Processing of GaN-on-sapphire is well established, due to the success of the LED industry. Gupta advocates running 150 mm or 200 mm wafers through a CMOS-compatible fab, followed by further processing using grinding and dicing tools that serve in the GaN LED industry.

Fabrication of Transphorm’s 1200 V devices begins with the growth of a GaN heterostructure that is said to have very good crystal quality, a low dislocation density near the active layers and excellent sheet resistance uniformity. Epiwafers are processed into lateral GaN HEMTs that feature a high-mobility two-dimensional electron gas and a field plate to optimise the electric field profile. Low-voltage silicon MOSFETs with a threshold of around 4 V are attached to these HEMTs to create normally-off switches. To ensure low thermal resistance, the GaN die is directly bonded to the package leadframe with a low void fraction.

Electrical measurements on this switch reveal that off-state leakage is below 2 mA for voltages up to 1200 V, with hard breakdown occurring above 2 kV (see Figure 5). “This gives us an adequate voltage margin for a 1200 volt device,” said Gupta, who added that the switch shows very good output characteristics. Pulsed current in the on-state exceeds 200 A, indicting high-current capability.

Gupta and his co-workers have used a three-dimensional model to evaluate the performance of their switch in a TO-247 leadframe on a copper heatsink. Modelling indicates that thinning the sapphire to 200 µm, a relative conservative value, should ensure a low thermal resistance. Measurements on such a device showed good agreement with the model, giving a thermal resistance of 0.78 °C/W, which is said to be sufficient for high-power applications.

“There is room for further improvement, as substrate thinning to 100 microns is well within the range offered by commercial vendors,” added Gupta.


Figure 5. Transphorm’s GaN-on-silicon switches are capable of handling more than 1200 V.

To evaluate the switching performance of their device, Gupta and colleagues investigated inductive switching in a half-bridge circuit, using 720 V and 28 A. This study revealed a rise time of around 14 ns – the value for SiC is 25 percent higher, even for a much smaller gate resistance; and for the silicon IGBT the value is 140 percent higher. Note that the fall time for the 1200 V GaN switch is just 13 ns.
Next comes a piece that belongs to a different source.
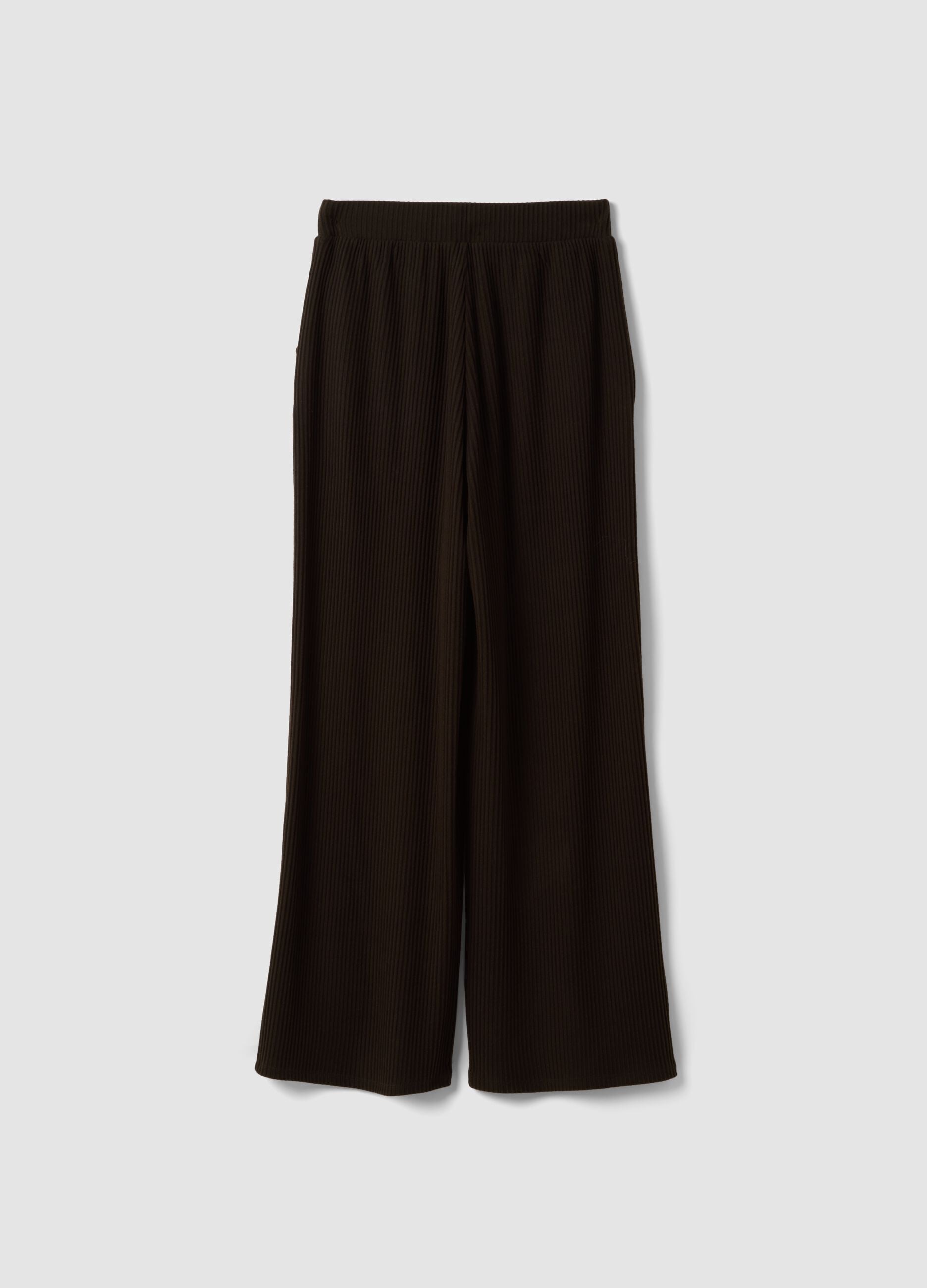 Brown ribbed stretch viscose straight-fit trousers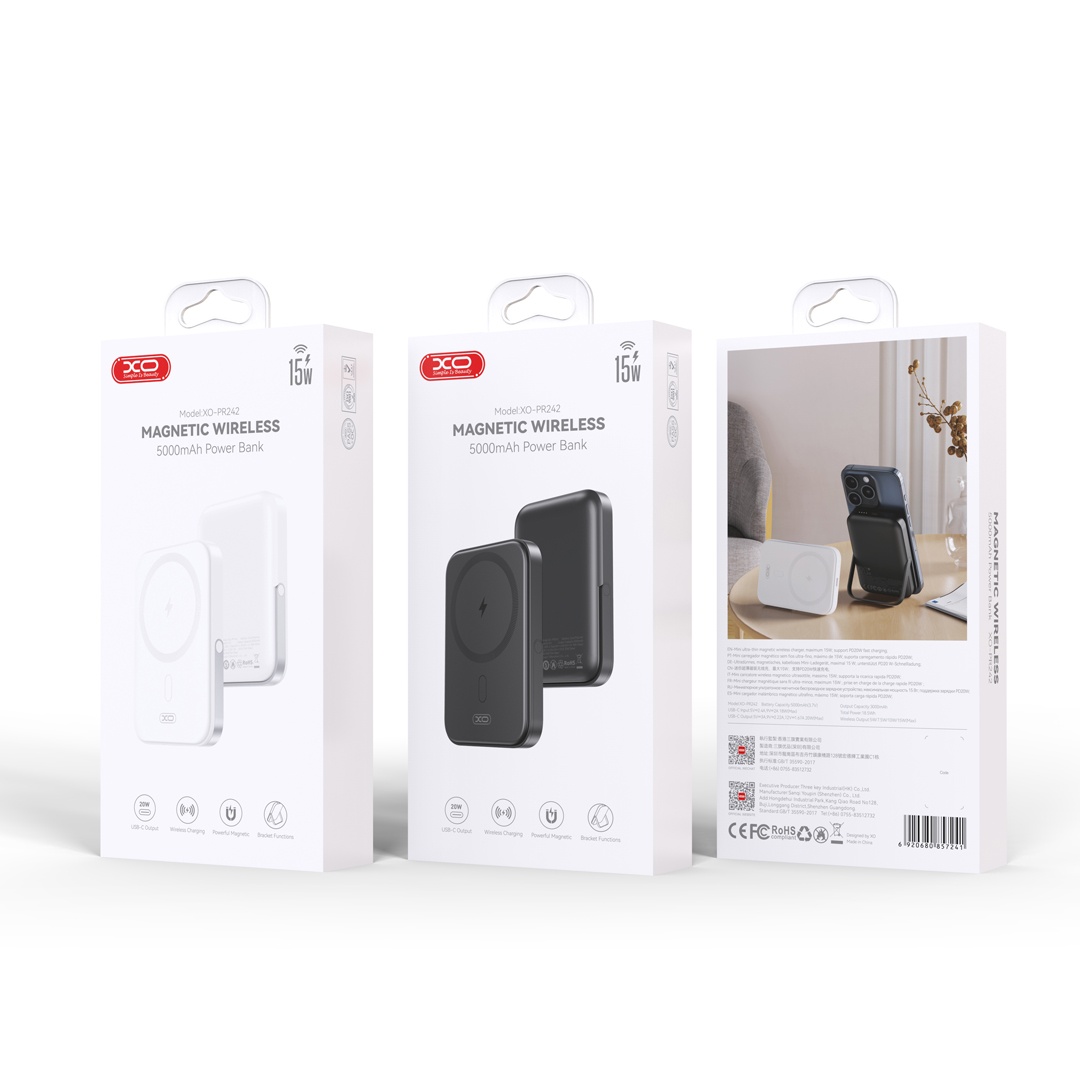 Магнитная беспроводная зарядка 15 Вт + type-C U-образным держателем 5 000 mAh PD20W PR242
Thanks to fast rise and fall times, switching loss of the half-bridge circuit operating at 720 V and 24 A is just 510 mJ per cycle. According to Gupta, this value is half that for a state-of-the-art SiC MOSFET.

“We also built a buck converter, to test the efficiency of 1200 volt GaN switches,” added Gupta. Using a pair of 1200 V, 70 mW devices and 50 kHz switching, the efficiency of this converter is above 99 percent. This drops to 98.7 percent at 100 kHz.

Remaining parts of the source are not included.